Lois Lammerhuber

Latin American Trilogy

© Francis Giacobetti

„On 15 May 1978, I set out to circumnavigate both Americas by car. The backbone of this journey is called the Pan-American Highway. A system of roads, 48,000 kilometres in length, that runs from Prudhoe Bay in Alaska to Ushuaia in Tierra del Fuego. 

Along this journey, which took almost two years, I arrived in Latin America first on 12 December 1978. I stayed for 15 months and came to feel at home there. In this process I „inadvertently“ turned into a photographer. Without noticing at first, I acquired almost everything in interpersonal, moral and intellectual terms that enables me to work as a photo journalist for GEO and many other international magazines, as I have done since 1985. An incomparable school of life that fills me with gratitude and humility.

At GEO I was for some years “our man for Latin America”. I worked in all Latin-American countries and spent so much time there that it really feels like home to me. My very personal story is the reason why the 2021 Festival is even closer to my heart than the previous ones. And it is also the reason why I am showing you a three-part exhibition about the discovery of America and especially about the magic and poetry in the lives of the people that fate let me encounter along the Pan-American Highway.“

Part I: Pope John Paul II, the 264th successor of the Apostle Peter, came to the Dominican Republic in October 1992 to celebrate the Christianisation of Latin America 500 years ago. He also canonised Ezequiel Moreno, the powerful preacher in the forests of Colombia, and was expected to transfer the remains of Christopher Columbus, the discoverer of the Americas, from Santo Domingos Cathedral to the Faro a Colón, a 250-metre-long monumenta concrete cross. It was the Pope’s 56th trip abroad. But, like Columbus’ trip, it went quite differently from what had been planned. The exhibition is the record of a historic and extraordinary papal journey, which was accompanied by more than 1,500 journalists.

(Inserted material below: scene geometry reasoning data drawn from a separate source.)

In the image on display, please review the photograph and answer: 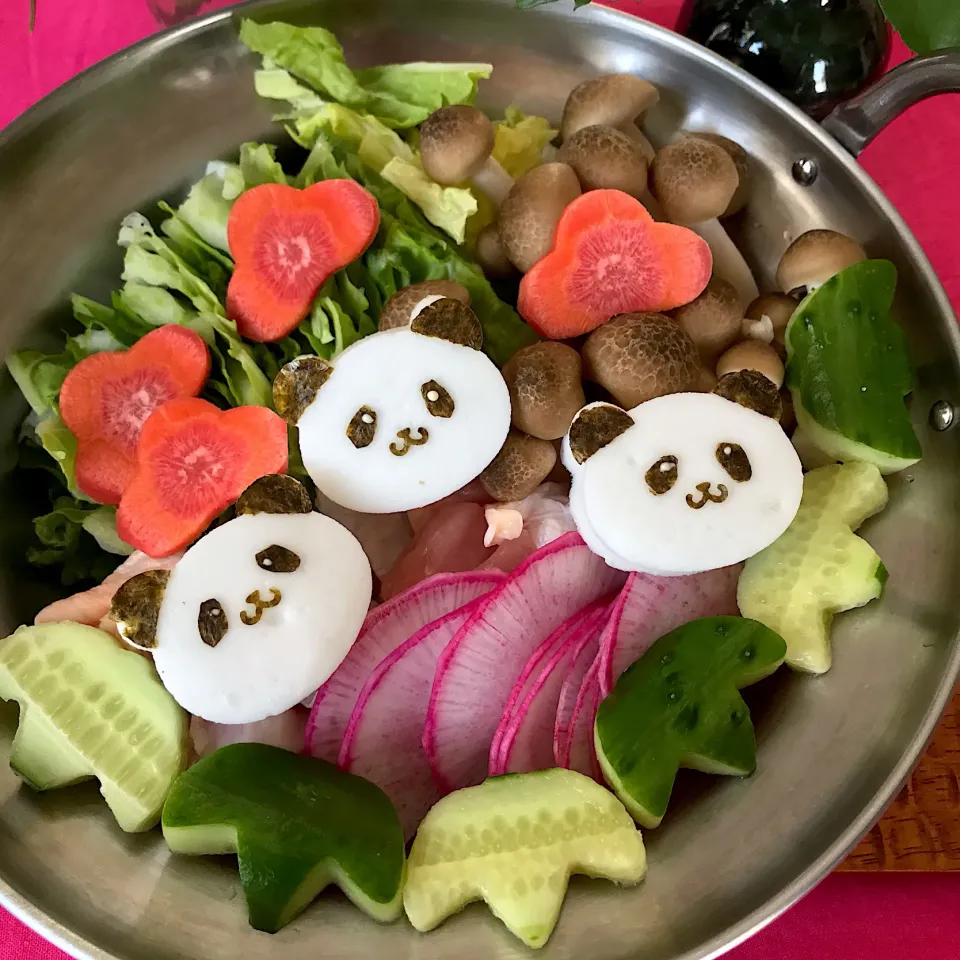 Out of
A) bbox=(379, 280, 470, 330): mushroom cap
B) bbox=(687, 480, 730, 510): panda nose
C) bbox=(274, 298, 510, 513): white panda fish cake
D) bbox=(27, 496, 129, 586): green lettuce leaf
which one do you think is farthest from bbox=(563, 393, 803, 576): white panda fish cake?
bbox=(27, 496, 129, 586): green lettuce leaf

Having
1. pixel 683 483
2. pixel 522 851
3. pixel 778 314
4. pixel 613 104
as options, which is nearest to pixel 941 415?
pixel 778 314

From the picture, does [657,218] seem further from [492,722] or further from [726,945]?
[726,945]

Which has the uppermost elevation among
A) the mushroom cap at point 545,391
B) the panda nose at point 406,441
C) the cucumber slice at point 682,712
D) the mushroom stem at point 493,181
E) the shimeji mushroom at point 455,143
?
the shimeji mushroom at point 455,143

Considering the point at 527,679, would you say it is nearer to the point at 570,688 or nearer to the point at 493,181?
the point at 570,688

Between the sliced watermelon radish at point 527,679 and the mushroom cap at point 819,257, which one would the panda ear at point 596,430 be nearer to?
the sliced watermelon radish at point 527,679

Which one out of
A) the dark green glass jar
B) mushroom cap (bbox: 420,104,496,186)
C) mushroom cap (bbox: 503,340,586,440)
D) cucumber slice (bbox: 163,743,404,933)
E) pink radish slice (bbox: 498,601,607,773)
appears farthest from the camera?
the dark green glass jar

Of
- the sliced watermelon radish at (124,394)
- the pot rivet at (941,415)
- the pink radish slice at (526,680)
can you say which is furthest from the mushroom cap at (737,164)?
the sliced watermelon radish at (124,394)

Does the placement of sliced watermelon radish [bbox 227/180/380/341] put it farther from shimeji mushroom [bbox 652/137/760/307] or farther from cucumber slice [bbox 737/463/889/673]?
cucumber slice [bbox 737/463/889/673] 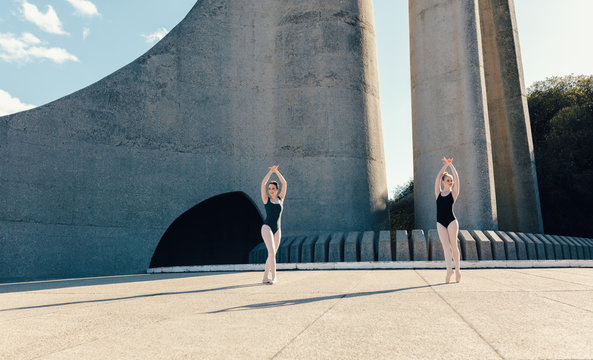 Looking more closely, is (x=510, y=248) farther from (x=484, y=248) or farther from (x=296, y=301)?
(x=296, y=301)

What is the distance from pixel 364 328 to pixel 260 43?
739 inches

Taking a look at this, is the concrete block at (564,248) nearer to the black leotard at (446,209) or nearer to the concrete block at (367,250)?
the concrete block at (367,250)

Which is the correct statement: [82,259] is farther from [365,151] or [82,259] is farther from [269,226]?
[365,151]

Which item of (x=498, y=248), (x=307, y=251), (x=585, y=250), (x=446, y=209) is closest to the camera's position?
(x=446, y=209)

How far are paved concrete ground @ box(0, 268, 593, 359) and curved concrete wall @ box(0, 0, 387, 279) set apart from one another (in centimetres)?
1007

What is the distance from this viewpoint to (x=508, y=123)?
21.9 meters

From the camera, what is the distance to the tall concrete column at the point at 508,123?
21031 mm

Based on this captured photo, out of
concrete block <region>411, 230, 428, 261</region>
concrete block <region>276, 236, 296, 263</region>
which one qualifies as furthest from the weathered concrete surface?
concrete block <region>411, 230, 428, 261</region>

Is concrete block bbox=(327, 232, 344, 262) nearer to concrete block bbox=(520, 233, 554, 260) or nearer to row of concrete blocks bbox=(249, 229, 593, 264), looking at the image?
row of concrete blocks bbox=(249, 229, 593, 264)

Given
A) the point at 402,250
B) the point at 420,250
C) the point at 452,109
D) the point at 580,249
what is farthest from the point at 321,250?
the point at 580,249

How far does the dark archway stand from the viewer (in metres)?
23.3

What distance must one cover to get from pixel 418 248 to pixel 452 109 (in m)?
7.64

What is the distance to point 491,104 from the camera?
22.6 meters

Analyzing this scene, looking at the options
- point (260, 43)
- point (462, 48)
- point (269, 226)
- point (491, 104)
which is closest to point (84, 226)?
point (269, 226) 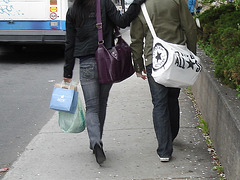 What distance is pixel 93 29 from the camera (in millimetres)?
4492

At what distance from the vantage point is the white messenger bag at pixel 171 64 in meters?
4.26

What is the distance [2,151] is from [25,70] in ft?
19.1

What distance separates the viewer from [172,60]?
13.9 ft

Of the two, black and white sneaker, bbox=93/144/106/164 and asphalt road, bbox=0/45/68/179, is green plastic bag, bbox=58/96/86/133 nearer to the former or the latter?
black and white sneaker, bbox=93/144/106/164

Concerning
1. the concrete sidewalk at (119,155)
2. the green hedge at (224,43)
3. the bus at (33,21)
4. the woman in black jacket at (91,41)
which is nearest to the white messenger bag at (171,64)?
the woman in black jacket at (91,41)

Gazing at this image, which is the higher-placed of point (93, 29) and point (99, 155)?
point (93, 29)

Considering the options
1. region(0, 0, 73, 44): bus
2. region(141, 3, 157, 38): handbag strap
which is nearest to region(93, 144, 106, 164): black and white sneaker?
region(141, 3, 157, 38): handbag strap

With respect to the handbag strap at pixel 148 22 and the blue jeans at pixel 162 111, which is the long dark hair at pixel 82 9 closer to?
the handbag strap at pixel 148 22

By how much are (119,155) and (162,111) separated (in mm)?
768

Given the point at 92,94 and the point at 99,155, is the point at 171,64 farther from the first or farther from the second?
the point at 99,155

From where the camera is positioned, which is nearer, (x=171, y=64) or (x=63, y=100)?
(x=171, y=64)

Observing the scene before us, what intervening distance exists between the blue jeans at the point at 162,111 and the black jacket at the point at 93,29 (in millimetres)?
503

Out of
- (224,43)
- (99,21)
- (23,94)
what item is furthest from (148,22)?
(23,94)

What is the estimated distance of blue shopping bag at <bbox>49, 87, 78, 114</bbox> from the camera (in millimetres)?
4652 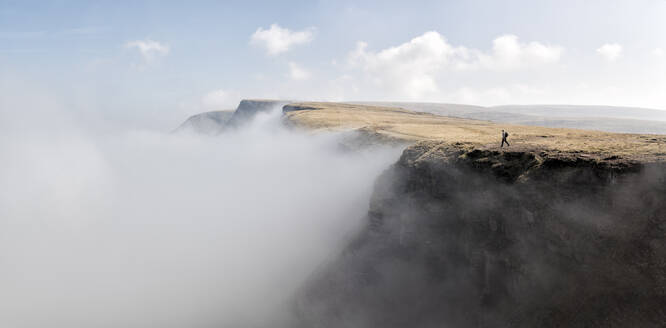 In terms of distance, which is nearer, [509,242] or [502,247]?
[509,242]

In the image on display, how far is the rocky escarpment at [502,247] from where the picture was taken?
784 inches

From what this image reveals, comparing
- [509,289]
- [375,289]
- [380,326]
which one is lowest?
[380,326]

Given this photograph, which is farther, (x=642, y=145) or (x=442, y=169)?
(x=442, y=169)

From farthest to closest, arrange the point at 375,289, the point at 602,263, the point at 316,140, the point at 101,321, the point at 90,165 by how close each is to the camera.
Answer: the point at 90,165 → the point at 316,140 → the point at 101,321 → the point at 375,289 → the point at 602,263

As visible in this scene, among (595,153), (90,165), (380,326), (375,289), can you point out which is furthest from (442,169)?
(90,165)

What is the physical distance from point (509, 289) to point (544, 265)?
10.4 feet

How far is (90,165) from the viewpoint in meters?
152

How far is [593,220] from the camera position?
21.5 metres

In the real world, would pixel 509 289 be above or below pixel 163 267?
above

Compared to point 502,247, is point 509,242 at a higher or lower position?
higher

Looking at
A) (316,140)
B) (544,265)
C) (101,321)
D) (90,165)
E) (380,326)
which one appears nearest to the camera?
(544,265)

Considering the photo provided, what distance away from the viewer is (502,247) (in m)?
25.8

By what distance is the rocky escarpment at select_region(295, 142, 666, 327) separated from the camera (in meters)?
19.9

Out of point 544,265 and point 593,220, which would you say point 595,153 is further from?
point 544,265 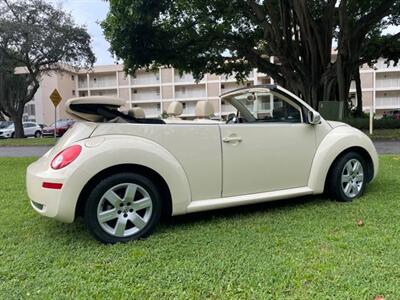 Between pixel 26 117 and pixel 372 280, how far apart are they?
2237 inches

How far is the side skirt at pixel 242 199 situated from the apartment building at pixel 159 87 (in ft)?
144

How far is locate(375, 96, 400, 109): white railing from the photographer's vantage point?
49.5 m

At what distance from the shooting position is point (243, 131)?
13.5ft

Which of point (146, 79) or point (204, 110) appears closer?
point (204, 110)

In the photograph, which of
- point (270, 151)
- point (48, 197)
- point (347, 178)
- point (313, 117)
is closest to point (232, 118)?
point (270, 151)

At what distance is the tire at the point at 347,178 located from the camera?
4.70 metres

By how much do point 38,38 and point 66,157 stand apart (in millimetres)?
22186

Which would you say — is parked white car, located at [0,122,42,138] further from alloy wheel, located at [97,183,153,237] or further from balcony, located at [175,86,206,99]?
alloy wheel, located at [97,183,153,237]

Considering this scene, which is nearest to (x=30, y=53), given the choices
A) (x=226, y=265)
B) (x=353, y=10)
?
(x=353, y=10)

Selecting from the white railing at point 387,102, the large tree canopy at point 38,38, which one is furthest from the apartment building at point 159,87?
the large tree canopy at point 38,38

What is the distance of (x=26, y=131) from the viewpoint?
102 feet

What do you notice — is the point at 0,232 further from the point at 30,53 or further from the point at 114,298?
the point at 30,53

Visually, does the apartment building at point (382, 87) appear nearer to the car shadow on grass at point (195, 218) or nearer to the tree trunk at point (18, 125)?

Part II: Julius Caesar is a curandero and lives in the Andean village of Iluman. He is a medicine man, magician, visionary and psychologist, familiar with the healing power of plants, animals and elements. For him, illness is the disharmony between man, environment and cosmos. Conventional medicine often regards the healing art of the shamans as hocus-pocus. But in the meantime it is taken seriously by the WHO – the World Health Organisation. 

Part III: Sergio Enrique Espinoza Estrella, an Ecuadorian mountain farmer who was born a serf, fulfilled his childhood dream in the autumn of his life. In 1986, Don Sergio invented something that has long existed – the car, while the whole world was celebrating its 100th birthday.